The Graduate Program in Film and Media Studies

Inaugurated in 2002, Yale’s doctoral Program in Film and Media Studies quickly achieved the international stature it enjoys today. Building on a core faculty that had long overseen an impressive undergraduate major, the graduate program attracted incoming faculty who were eager to help shape it. The quality of the students who have applied has been superior, and the large majority of those selected have chosen to study here. Fifty students have completed, or are in the midst of, their degrees. Our alumni hold positions at a range of institutions, including universities with major graduate programs, and several have already seen their revised dissertations published as books by important presses. 

Graduate students have been able to produce such significant research thanks not least to Yale’s unparalleled resources.  Specialized librarians and curators keep our students in mind as they collect and make available the massive amounts of material held by the Sterling Memorial Library, the Haas library in the History of Art, and especially the Beinecke rare book library that houses the archives of hundreds of filmmakers, writers, and artists.  Two of America’s great art museums, The Yale University Art Gallery and the British Art Center (with buildings designed by Louis Kahn), retain a continuing relation with our graduate students.  As for primary material in our field,  the Yale Film Archive is home to a growing collection of 35mm and 16mm film prints, and is a member of the International Federation of Film Archives (FIAF). The Archive also oversees a large circulating library of DVDs, Blu-rays, and VHS tapes.

A dedicated, expert projectionist oversees hundreds of screenings each year, mainly in two spaces (the auditorium of 250 in our building and a projection room holding 40 on York Street) that are equipped for 35mm, 16mm, and virtually all video formats. 4K and 2K projections are common.

Graduate students absorb and generate the energy and enthusiasm so important to dynamic film scholarship thanks to the bustling intellectual climate at the Humanities Quadrangle, where faculty and students meet continually—almost daily it seems—around screenings, lectures, conferences and workshops, some initiated by the graduate students themselves. 

By design the doctorate in Film and Media Studies at Yale is always undertaken in combination with one of ten other disciplines in the Humanities (African-American Studies, American Studies, Comparative Literature, East Asian Languages and Literatures, English, French, German, History of Art, Italian, Slavic Languages and Literatures).   It was thought, and has proven true, that upon completing their degrees, students who are prepared for positions in both Film and Media and in another discipline would hold a particular advantage, and not merely because of the wider range of openings available to them in the job market, but because the calculated interdisciplinarity of their research makes them stand out. Thoroughly grounded in Film and Media Studies, they become expert in certain of its issues by offering authoritative perspectives and methods that derive from systematic work with the outstanding faculty and graduate students in another Yale department or program. Our students are welcomed throughout the Humanities on campus as they enliven traditional disciplines with the images, sounds, and ideas they bring from Film and Media Studies.

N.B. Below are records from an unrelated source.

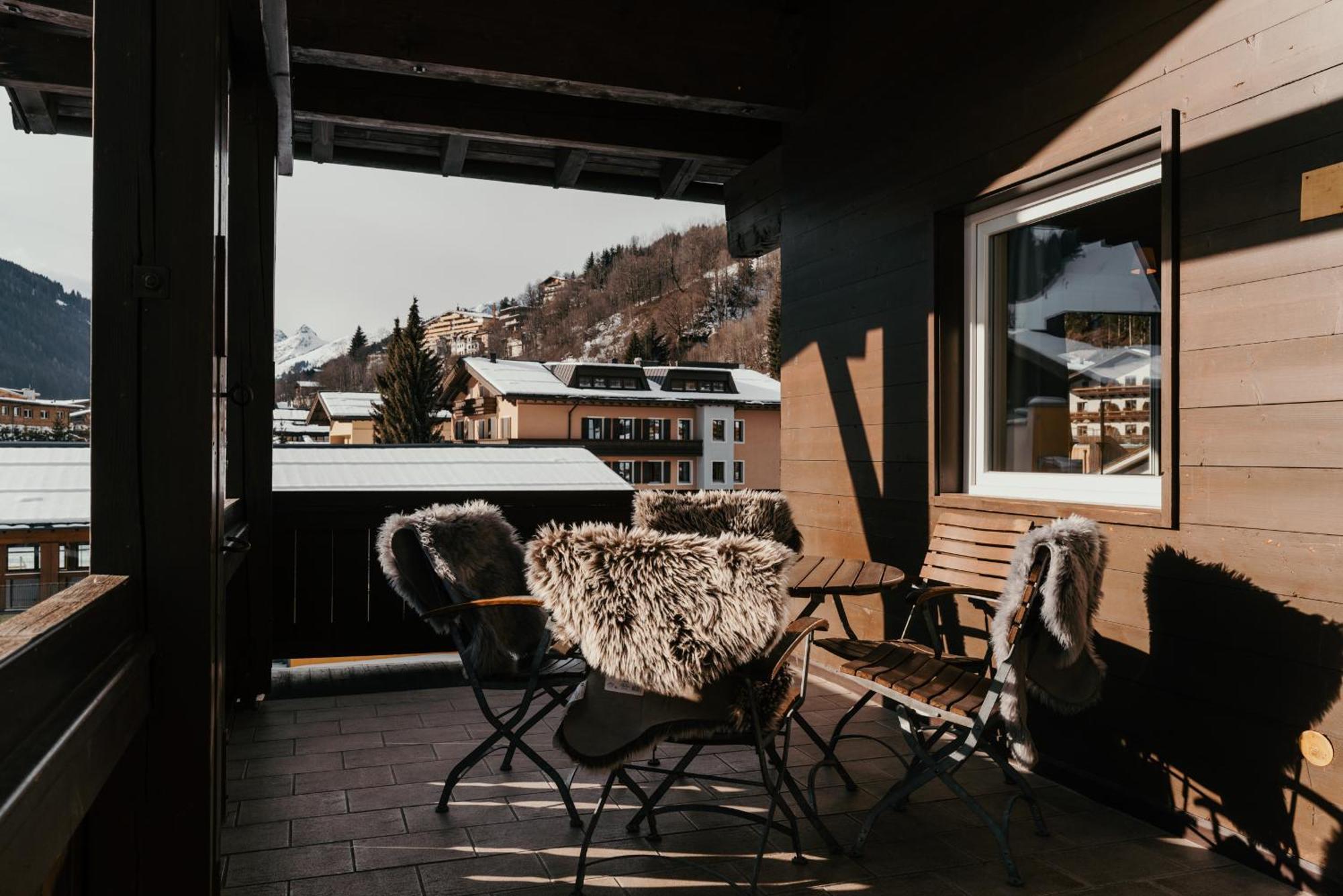 Hotel Gluecksschmiede - Hinterglemm ザールバッハ・ヒンターグレム エクステリア 写真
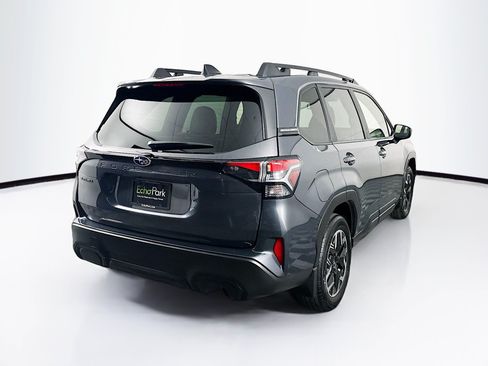 Used 2025 Subaru Forester Premium AWD/4WD image 9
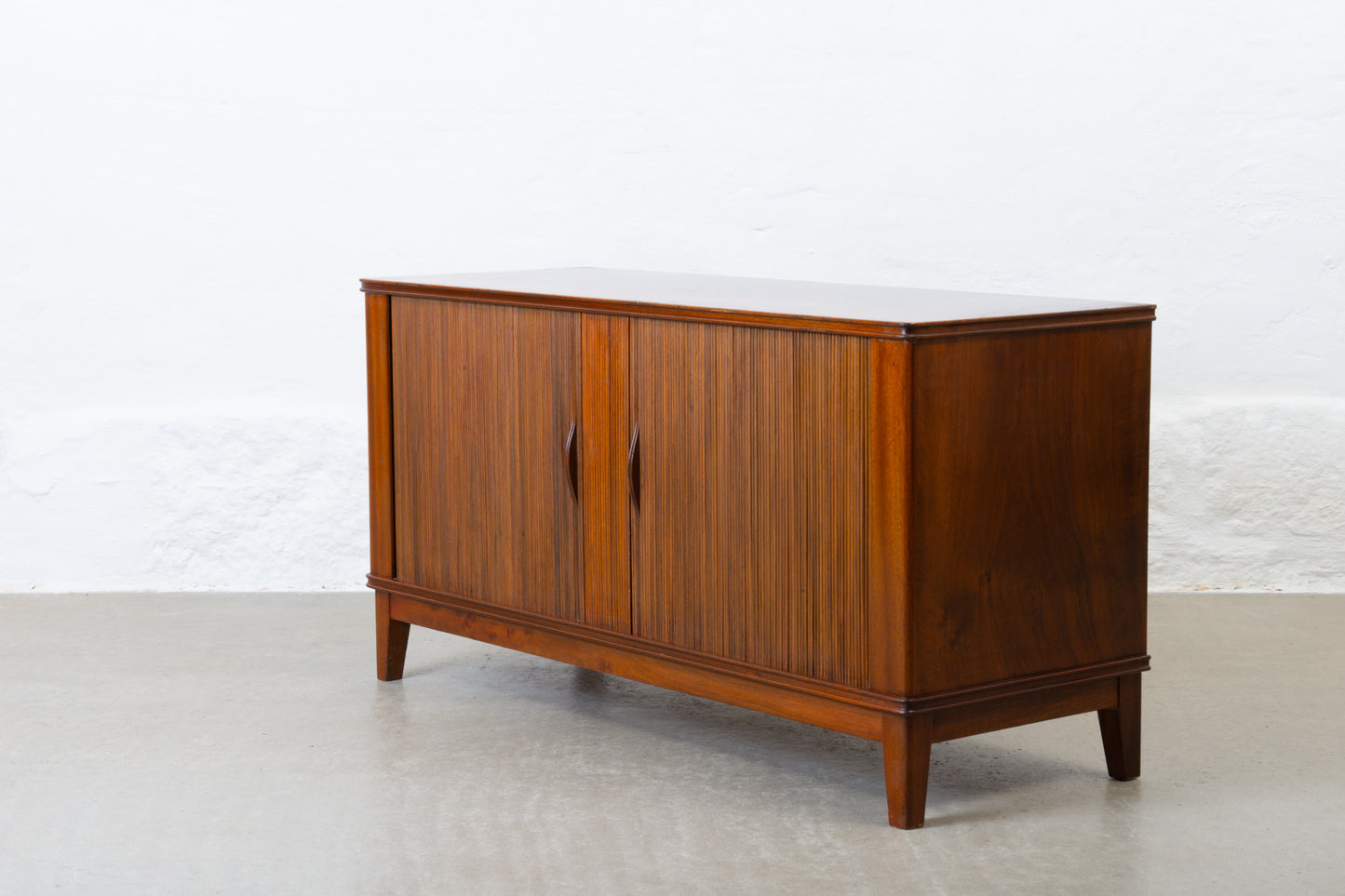 1930s sideboard with bookshelf in mahogany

The faculty and its curriculum represent a full range of topics that have been at the center of Film Studies from its outset: theory, criticism, and history, plus cultural approaches to American, European, Latin American and Japanese national cinemas.  Naturally, as the field and its discipline evolve, so too do we, though always keeping ourselves based in this tradition. Transnational and global approaches bring the national cinemas, and their specialists, into productive contact. Overarching concerns involving technological, aesthetic, social and cultural issues (especially race and gender), have developed to the point that in 2015 the Program added “Media” to its name and mission. FMS, as our Program is now called for short, officially embraces images and sounds from an array of sources and channels, especially as these coexist and intertwine with cinema, something that has occurred throughout its long history.  We study that history as well as the challenge and possibilities of “new media,” which we know to be on the minds of graduate students. This keeps Yale’s Program vigilant as it looks to the past for cues about ways to best approach the future. The faculty recognizes that graduate students must be in the lead of an evolving discipline, and so encourages them to take up the most current developments and debates. The goal of the Program’s pedagogy is to provide its current students with a steady anchor in what the discipline has been, so that they can confidently and creatively participate at the highest level in its discourse and institutions, leading it forward while passing continuing its legacy.